### Exercise goal
Please return all lines of the data below containing the string "Photo".

### Supplied information
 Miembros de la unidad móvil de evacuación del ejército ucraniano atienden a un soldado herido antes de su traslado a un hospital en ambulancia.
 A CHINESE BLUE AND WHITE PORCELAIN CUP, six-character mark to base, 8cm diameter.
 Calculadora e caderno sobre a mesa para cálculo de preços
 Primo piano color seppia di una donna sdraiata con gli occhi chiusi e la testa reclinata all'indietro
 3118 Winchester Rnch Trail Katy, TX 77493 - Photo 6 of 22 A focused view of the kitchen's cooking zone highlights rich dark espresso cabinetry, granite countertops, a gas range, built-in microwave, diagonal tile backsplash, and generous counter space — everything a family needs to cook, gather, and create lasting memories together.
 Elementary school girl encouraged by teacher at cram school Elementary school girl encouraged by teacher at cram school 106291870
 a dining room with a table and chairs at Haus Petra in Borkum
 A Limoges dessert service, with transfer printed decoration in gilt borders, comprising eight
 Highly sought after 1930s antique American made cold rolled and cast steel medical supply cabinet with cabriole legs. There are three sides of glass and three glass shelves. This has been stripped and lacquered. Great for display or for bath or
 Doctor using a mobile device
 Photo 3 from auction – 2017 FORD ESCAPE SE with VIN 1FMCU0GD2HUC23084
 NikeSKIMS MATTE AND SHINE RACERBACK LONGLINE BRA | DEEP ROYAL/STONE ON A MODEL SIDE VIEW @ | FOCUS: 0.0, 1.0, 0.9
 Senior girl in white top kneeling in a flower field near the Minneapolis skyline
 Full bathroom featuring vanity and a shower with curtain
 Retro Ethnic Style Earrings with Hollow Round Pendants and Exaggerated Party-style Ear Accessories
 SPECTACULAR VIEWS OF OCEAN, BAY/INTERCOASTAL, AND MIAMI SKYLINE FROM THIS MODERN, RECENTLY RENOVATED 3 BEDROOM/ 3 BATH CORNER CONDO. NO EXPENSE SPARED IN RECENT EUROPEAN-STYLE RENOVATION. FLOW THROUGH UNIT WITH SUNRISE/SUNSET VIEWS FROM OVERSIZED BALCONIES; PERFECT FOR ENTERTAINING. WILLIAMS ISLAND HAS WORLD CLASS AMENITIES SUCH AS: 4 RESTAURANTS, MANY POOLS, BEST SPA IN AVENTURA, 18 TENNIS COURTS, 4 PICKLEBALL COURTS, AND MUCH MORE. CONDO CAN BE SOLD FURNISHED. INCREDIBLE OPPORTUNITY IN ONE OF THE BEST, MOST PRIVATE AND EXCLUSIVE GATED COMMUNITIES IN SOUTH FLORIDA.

### Task answer
 3118 Winchester Rnch Trail Katy, TX 77493 - Photo 6 of 22 A focused view of the kitchen's cooking zone highlights rich dark espresso cabinetry, granite countertops, a gas range, built-in microwave, diagonal tile backsplash, and generous counter space — everything a family needs to cook, gather, and create lasting memories together.
 Photo 3 from auction – 2017 FORD ESCAPE SE with VIN 1FMCU0GD2HUC23084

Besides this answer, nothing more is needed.